* Data:
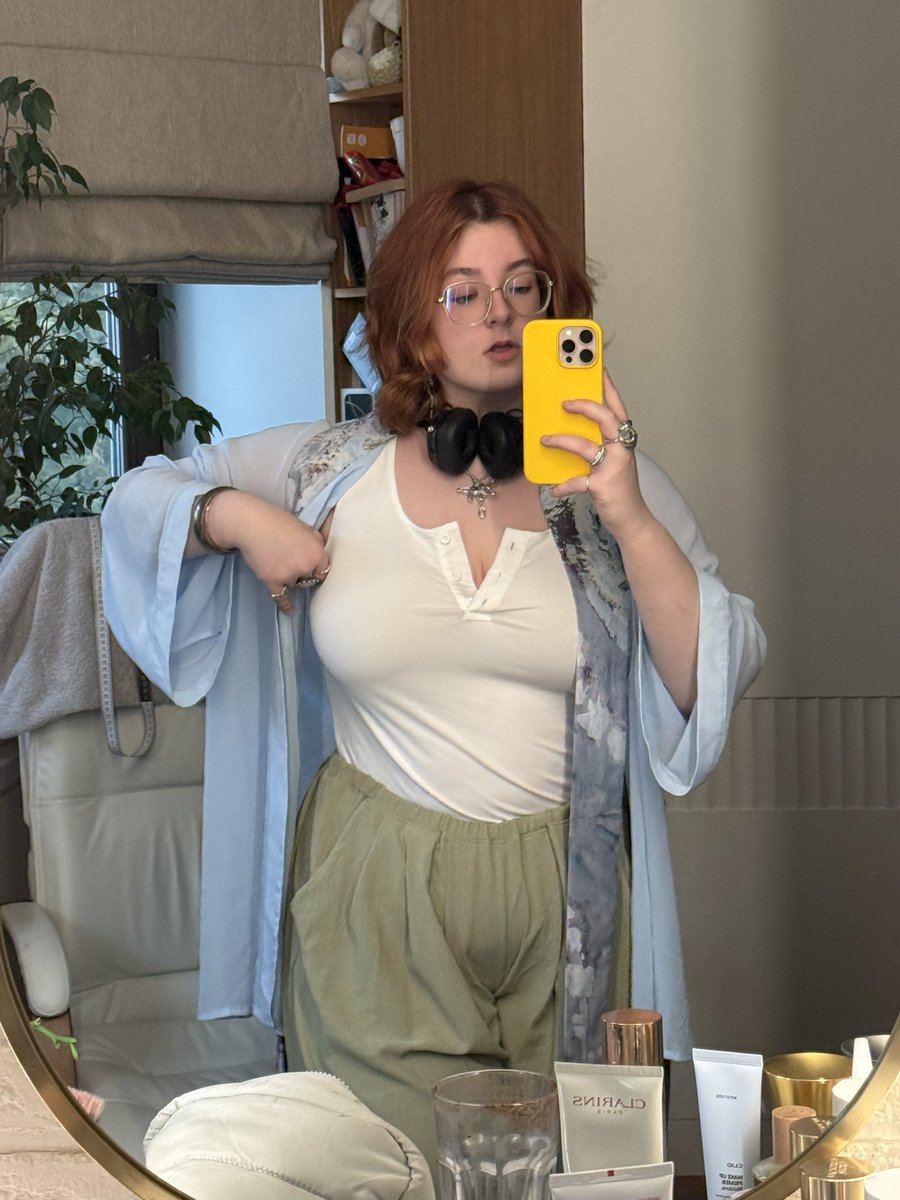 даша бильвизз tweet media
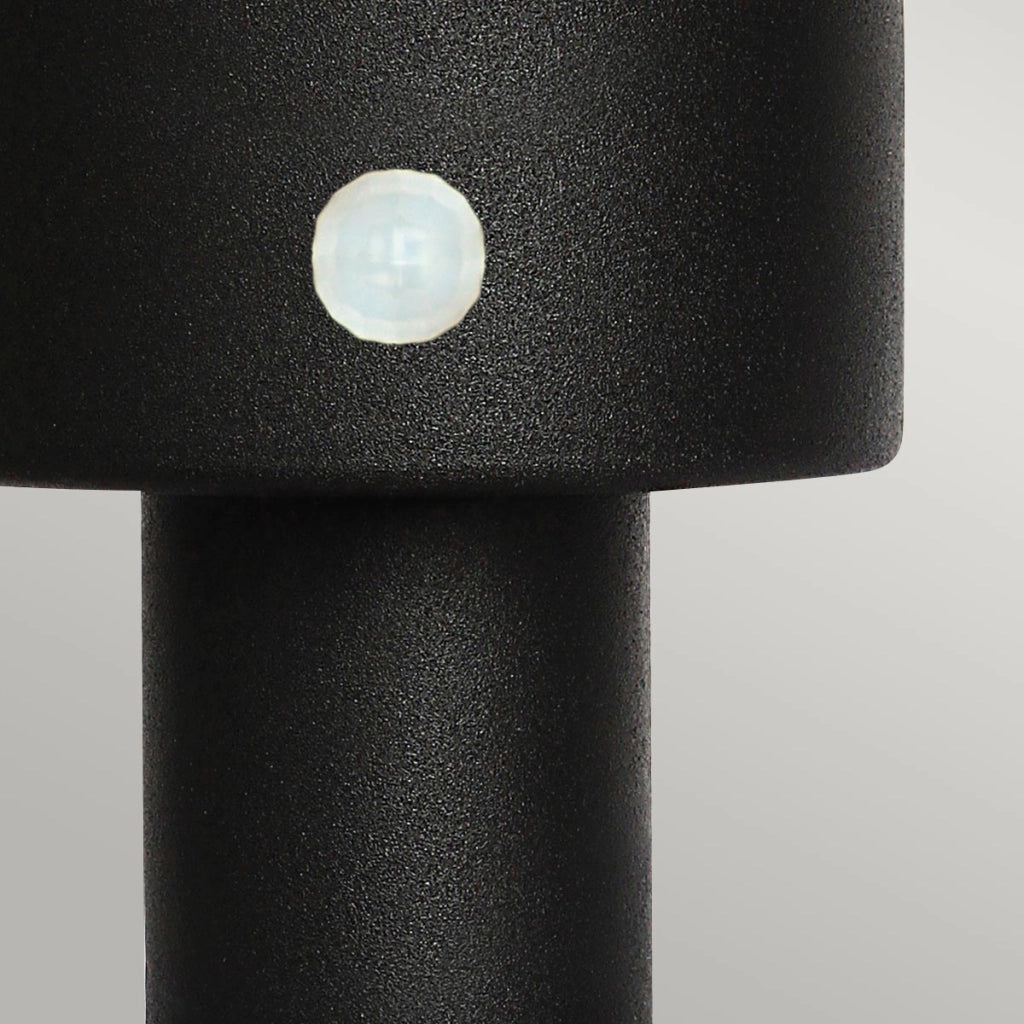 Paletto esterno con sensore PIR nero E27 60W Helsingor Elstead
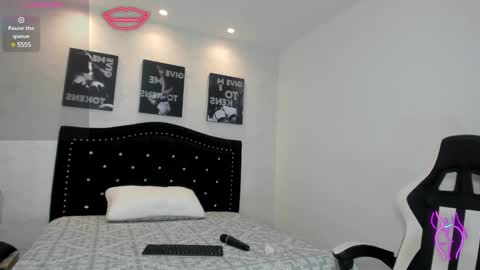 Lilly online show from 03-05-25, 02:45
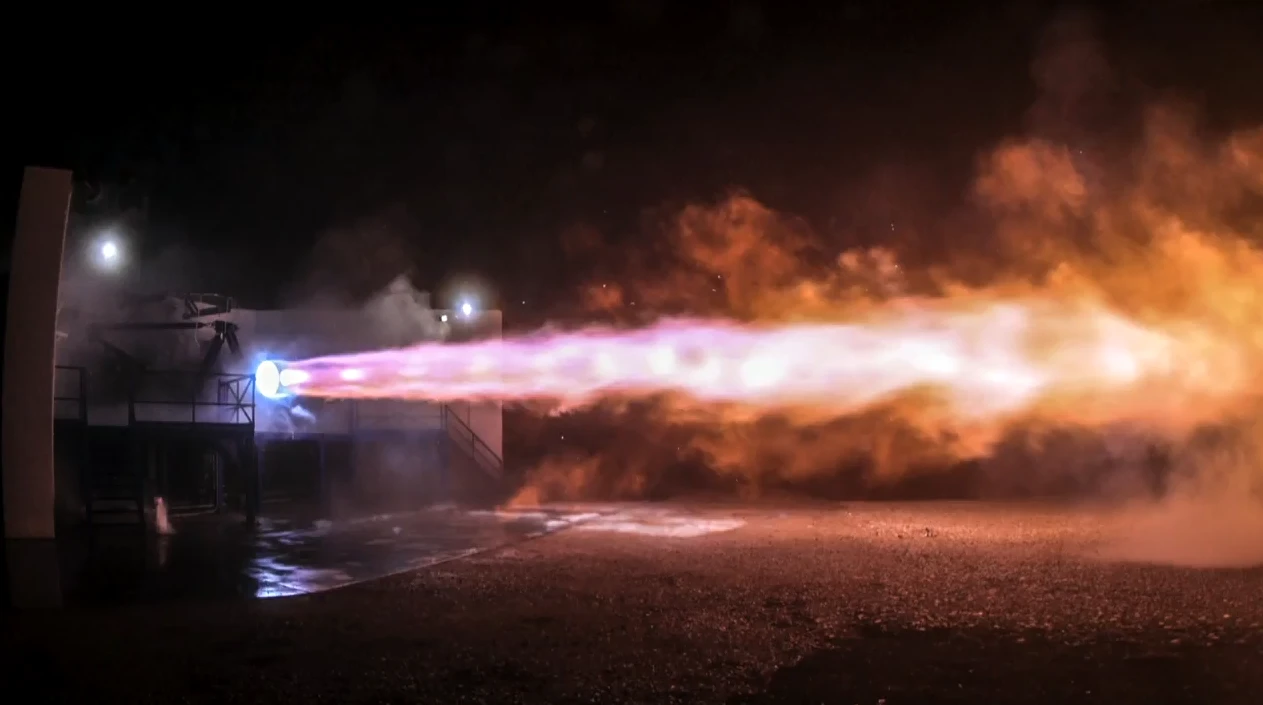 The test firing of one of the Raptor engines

* Required action: Leave out the pictures and reproduce the rest of the listing exactly.

* Output:
 даша бильвизз tweet media
 Paletto esterno con sensore PIR nero E27 60W Helsingor Elstead
 Lilly online show from 03-05-25, 02:45
 The test firing of one of the Raptor engines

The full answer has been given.